With U.S. troops under near-daily attack and costs soaring, Bush wants a new U.N. resolution creating a multinational force for Iraq. But France and Germany have argued a U.S.-written draft resolution does not cede enough control to the United Nations nor transfer Iraqi sovereignty to its people quickly enough.
"Why not go to the Security Council and say to the French, 'OK here's the deal, we'll let the Security Council make the decision when to turn over all control to the Iraqis when they are ready, and we'll let that be done by the Security Council,"' Biden, a Delaware Democrat, said.
"Now we box France. France is the only country in the world, with a little lip service from Germany, saying 'turn over power that they cannot handle in the next three months.'
"So why aren't we able to outsmart the French in terms of the world stage and get the control of this issue by bringing the responsibility back to the world so we don't pay the whole freight," he added.
Republican Sen. Chuck Hagel of Nebraska, another member of the Senate panel, agreed the French "have been difficult" but said they should be included in the effort to stabilize Iraq.
"They've had their own agenda," Hagel said on the same news program. "... I think we plug the French in where we plug them in and where they want to be."
Sen. John Edwards, a Democratic presidential candidate from North Carolina , said he would be more willing to "give other folks a seat at the table."
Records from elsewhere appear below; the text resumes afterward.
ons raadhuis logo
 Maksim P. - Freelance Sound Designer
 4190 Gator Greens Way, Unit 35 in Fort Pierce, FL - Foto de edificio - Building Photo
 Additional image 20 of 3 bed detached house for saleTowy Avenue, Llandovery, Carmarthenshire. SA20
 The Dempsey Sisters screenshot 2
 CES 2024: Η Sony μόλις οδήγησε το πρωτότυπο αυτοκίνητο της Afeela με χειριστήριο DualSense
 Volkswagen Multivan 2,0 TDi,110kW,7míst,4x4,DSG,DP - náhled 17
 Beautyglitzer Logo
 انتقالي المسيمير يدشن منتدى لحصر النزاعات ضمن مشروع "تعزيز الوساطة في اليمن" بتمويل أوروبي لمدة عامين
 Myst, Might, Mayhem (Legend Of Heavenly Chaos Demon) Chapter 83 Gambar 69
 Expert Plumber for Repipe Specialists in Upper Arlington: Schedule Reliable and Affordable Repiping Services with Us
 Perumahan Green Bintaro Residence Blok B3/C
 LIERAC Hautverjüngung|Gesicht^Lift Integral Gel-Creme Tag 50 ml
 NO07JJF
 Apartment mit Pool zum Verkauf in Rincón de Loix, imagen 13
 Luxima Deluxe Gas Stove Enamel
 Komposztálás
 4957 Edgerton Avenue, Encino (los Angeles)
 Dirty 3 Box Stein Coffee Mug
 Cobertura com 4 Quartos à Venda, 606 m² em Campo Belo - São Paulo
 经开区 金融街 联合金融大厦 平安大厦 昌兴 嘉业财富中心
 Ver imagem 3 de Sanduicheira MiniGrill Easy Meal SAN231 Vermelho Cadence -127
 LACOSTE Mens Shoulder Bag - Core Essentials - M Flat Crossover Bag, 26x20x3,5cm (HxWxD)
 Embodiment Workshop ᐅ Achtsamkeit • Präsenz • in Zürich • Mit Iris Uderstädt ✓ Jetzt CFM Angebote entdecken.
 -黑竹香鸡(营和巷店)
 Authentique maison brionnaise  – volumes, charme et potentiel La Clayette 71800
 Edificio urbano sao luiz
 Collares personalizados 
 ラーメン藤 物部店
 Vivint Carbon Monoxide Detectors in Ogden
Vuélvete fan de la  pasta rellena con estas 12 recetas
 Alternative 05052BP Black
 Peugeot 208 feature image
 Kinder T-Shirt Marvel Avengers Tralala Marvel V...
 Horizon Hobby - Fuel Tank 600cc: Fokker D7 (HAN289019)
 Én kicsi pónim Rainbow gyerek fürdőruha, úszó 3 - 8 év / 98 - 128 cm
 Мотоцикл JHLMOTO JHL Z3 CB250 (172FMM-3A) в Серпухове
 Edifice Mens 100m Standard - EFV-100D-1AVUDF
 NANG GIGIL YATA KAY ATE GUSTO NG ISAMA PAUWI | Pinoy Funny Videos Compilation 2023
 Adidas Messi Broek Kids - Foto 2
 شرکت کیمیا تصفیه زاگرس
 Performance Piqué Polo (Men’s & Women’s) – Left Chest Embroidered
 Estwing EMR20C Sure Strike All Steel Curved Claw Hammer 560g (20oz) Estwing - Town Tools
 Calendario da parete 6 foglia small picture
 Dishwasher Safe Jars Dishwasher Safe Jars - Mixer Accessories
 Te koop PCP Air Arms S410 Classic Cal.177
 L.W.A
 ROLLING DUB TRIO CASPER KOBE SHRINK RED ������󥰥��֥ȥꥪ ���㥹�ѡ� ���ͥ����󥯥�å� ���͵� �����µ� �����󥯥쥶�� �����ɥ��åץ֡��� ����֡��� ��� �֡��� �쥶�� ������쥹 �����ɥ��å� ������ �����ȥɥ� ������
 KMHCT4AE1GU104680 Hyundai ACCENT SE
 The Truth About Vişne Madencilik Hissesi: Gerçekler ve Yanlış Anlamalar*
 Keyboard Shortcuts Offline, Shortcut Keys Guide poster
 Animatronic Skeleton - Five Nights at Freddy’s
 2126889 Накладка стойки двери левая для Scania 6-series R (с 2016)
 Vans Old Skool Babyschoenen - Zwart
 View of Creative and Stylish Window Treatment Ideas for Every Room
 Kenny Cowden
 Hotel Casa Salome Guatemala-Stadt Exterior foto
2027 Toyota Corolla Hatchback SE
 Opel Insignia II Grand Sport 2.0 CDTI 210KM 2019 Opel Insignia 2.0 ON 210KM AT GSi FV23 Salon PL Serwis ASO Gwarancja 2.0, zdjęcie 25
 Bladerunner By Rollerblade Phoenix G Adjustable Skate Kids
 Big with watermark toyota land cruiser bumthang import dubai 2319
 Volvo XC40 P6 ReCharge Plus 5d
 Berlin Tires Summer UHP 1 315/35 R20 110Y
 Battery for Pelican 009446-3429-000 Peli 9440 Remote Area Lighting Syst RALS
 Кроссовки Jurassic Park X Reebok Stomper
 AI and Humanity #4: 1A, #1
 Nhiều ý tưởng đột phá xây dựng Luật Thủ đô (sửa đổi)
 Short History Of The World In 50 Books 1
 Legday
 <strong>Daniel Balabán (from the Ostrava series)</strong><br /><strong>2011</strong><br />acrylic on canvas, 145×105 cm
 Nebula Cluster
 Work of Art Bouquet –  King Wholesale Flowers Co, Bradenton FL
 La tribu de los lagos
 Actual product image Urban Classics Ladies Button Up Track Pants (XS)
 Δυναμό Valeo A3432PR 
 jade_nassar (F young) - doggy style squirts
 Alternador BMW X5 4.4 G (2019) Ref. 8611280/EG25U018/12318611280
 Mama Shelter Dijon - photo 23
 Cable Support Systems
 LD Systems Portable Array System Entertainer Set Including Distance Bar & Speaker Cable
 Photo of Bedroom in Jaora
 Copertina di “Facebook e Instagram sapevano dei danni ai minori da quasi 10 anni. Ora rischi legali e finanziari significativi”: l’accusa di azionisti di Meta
"Other countries are not going to give us their troops, give us their financial resources, unless they're allowed to participate in the decision-making," Edwards said on CBS' "Face the Nation."
Bush's effort comes a year after he challenged the United Nations to back its anti-Iraq resolutions with the threat of force, opening an ultimately doomed bid for a U.N.-backed resolution authorizing war against Iraq. The United States and Britain invaded Iraq, toppling the government of Saddam Hussein in April.
France and Germany were key objectors in the bitter prewar debate. Bush will meet both French President Jacques Chirac and German Chancellor Gerhard Schroeder in New York.
There have been signs of a thaw in U.S.-German relations in recent weeks, and France, anxious to avoid a repeat of its clash with the United States, is not seen threatening to use its Security Council veto over the draft resolution.
U.N. Secretary-General Kofi Annan has rejected a U.N. military or administrative role in Iraq, telling reporters recently any role "would have to be clearly defined by the Security Council."
Biden said Bush could prevail. "The president is doing a better job in isolating the French this time. Show them for what they are."
Yeah perhaps this time he can convince 95% of Americans that France is a belligerent nest of socialist lunatics. Last time he only convinced 90%.
%-10% of Amercans are of course also socialist lunatics, so evidently the Pres is doing a pretty good job of isolating.
Brilliant, Joe. France IS ON the Security Council. You've just advocated the same process that we went through back in January. What a maroon.
The administration showed the French government up for what it really is the last time they pulled this. The administration will continue showing the French government for what it really is.